Opening a new restaurant can be daunting. There are so many things to consider – from choosing the right location to finding financing to selecting the right name. And, of course, buying equipment and hiring staff.
Concept, Location, and Name
The first step in opening a new restaurant is deciding what type of restaurant it is going to be. Do you want to open a high-end fine dining restaurant? A casual 1950s-style diner? Do you have a specific type of cuisine in mind, such as Italian, French, or Indian? Perhaps a microbrewery or a pub.
Location, location, location. It can make or break a restaurant.
Before you sign a lease for your restaurant location, do your homework. Is the restaurant located in a busy area with plenty of foot traffic? If not, is there enough parking? Have several other restaurants opened and closed in the same spot?

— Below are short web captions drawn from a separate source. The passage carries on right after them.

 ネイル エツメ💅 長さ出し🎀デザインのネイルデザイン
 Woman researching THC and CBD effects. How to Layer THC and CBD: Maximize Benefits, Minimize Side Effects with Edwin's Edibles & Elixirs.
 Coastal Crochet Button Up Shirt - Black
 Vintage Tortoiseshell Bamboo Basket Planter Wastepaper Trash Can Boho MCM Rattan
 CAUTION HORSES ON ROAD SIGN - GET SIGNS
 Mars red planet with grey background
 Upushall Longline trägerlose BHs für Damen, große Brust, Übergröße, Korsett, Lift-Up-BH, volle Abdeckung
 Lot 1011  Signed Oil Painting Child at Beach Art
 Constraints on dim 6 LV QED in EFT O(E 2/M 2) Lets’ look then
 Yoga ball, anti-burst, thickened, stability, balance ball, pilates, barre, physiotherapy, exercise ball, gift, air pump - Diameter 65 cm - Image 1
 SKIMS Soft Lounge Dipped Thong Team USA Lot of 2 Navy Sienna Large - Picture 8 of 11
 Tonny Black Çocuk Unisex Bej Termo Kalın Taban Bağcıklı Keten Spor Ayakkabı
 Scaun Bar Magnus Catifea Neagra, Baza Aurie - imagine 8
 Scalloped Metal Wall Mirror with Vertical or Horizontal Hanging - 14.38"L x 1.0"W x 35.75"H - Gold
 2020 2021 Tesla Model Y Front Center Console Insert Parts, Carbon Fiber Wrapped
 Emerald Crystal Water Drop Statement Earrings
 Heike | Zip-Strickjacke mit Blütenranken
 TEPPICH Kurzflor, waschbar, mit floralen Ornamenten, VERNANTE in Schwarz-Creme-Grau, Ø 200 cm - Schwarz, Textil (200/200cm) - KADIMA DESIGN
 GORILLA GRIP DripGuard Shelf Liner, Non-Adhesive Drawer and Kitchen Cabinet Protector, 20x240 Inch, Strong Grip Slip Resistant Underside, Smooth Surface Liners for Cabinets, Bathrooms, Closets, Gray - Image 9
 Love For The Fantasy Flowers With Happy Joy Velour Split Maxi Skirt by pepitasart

The most enjoyable part of opening a new restaurant can be selecting a restaurant name that means something to you. It can be a family name, a play on words, another meaningful turn of phrase, or it can reflect the theme or location you chose, such as Broadway Diner or The Highlands.
The two most important reasons you need a restaurant business plan. One, it helps you see potential problems in your restaurant plan, such as not enough of a population base. Two, it's virtually impossible to get financing without one.
Financing is what prevents many from opening their own restaurant. Although it is somewhat more difficult to get financing for a restaurant, due to their higher failure rate than for some other business types, it is not impossible. Between banks, small business agencies, and private investors, there are several financing possibilities.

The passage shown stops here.